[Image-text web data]
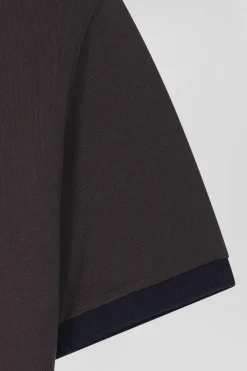 Regular brown short-sleeved cotton piqué polo shirt with striped embroidery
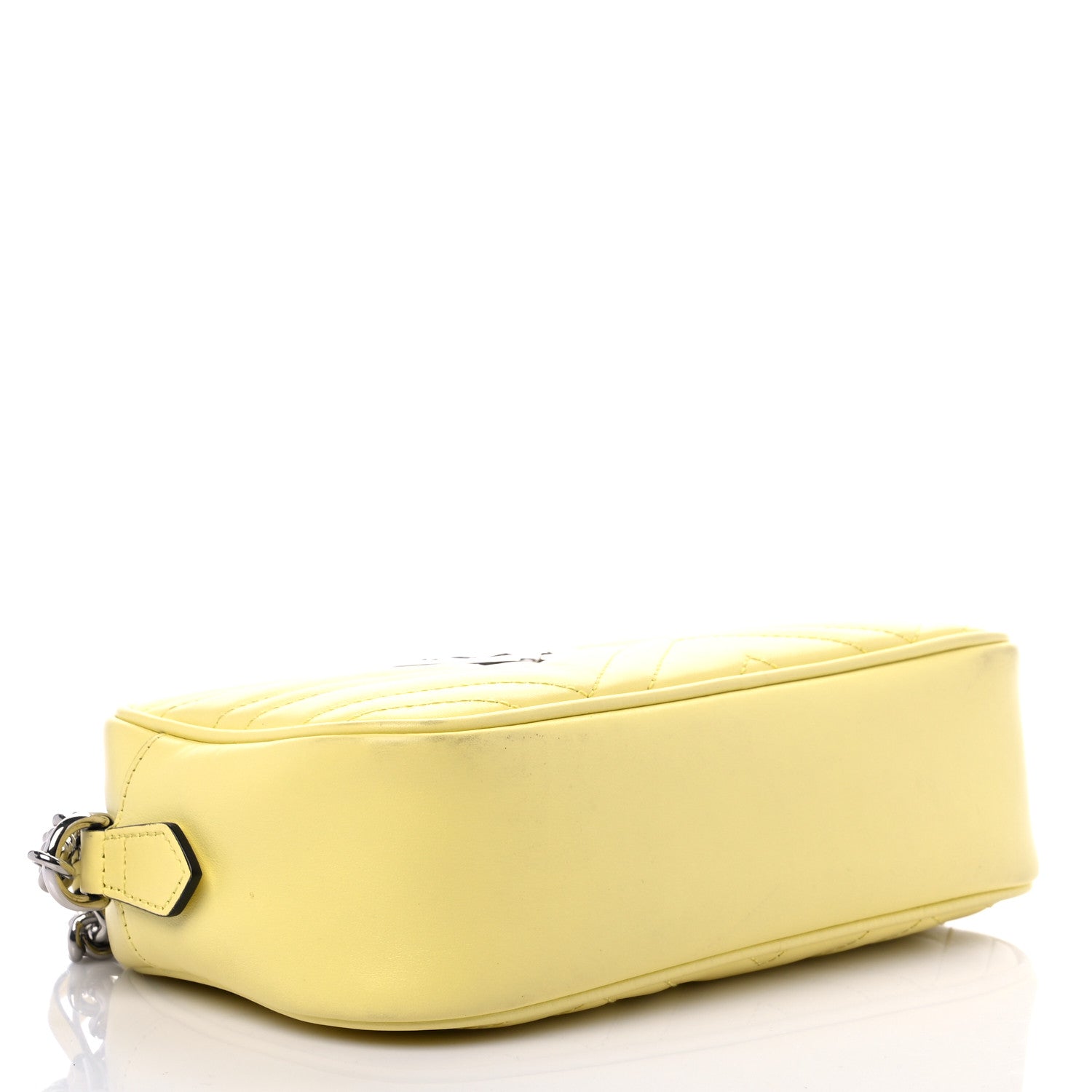 Gucci Calfskin Matelasse Small GG Marmont Chain Shoulder Bag Banana 4 of 16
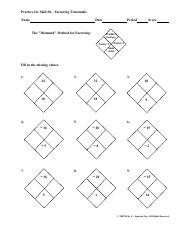 Diamond Factoring Worksheet.pdf - Practice for Skill #8 ...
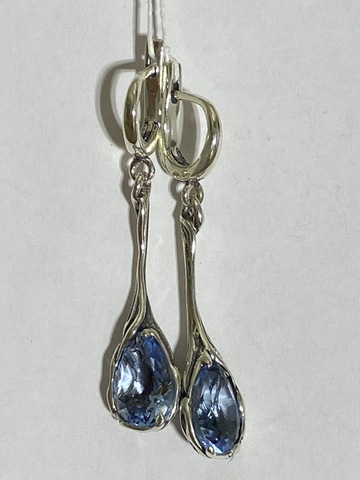 Камелия (серьги из серебра)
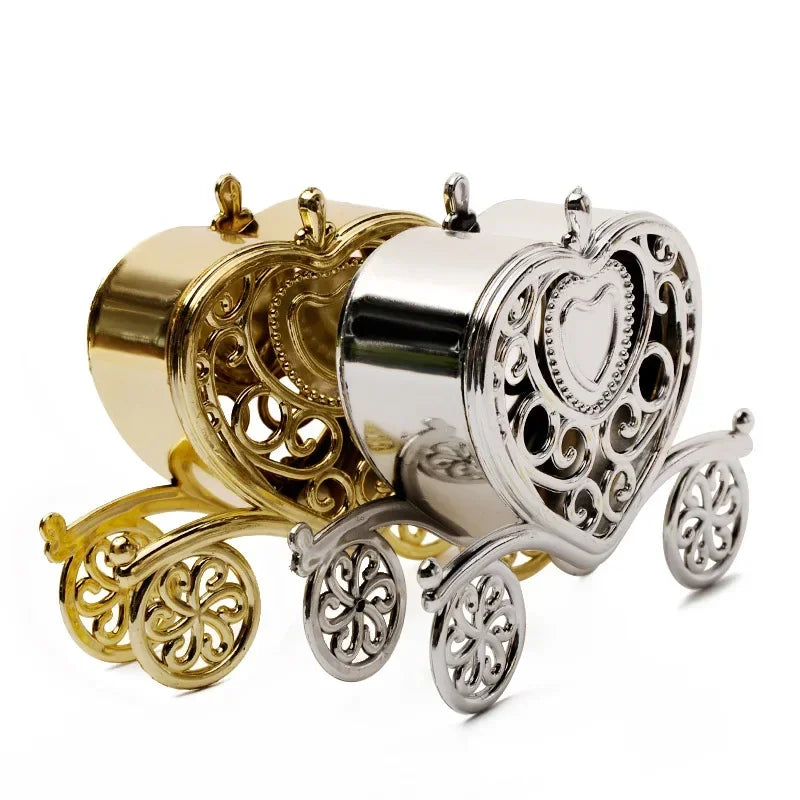 1Pcs Golden Creative Carriage Sweet Candy Box Chocolate Gift Birthday Wedding Party Decor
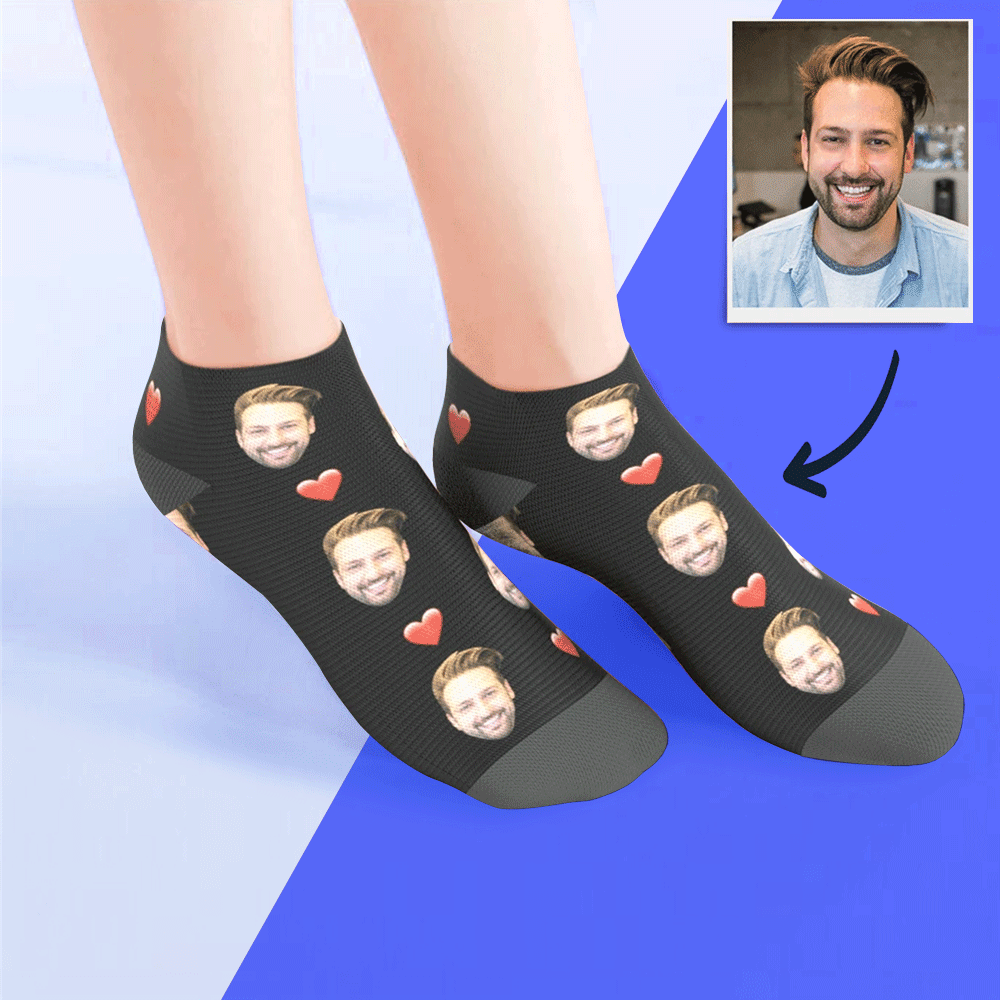 Custom Low Cut Ankle Face Socks Heart Summer Photo Socks - MyPhotoBoxerUk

- [Required work]: Leave every picture out and retype exactly the lines of the records above from the one holding "Gucci Calfskin Matelasse" through the last, both ends included and nothing besides.

- [Output for this task]:
 Gucci Calfskin Matelasse Small GG Marmont Chain Shoulder Bag Banana 4 of 16
 Diamond Factoring Worksheet.pdf - Practice for Skill #8 ...
 Камелия (серьги из серебра)
 1Pcs Golden Creative Carriage Sweet Candy Box Chocolate Gift Birthday Wedding Party Decor
 Custom Low Cut Ankle Face Socks Heart Summer Photo Socks - MyPhotoBoxerUk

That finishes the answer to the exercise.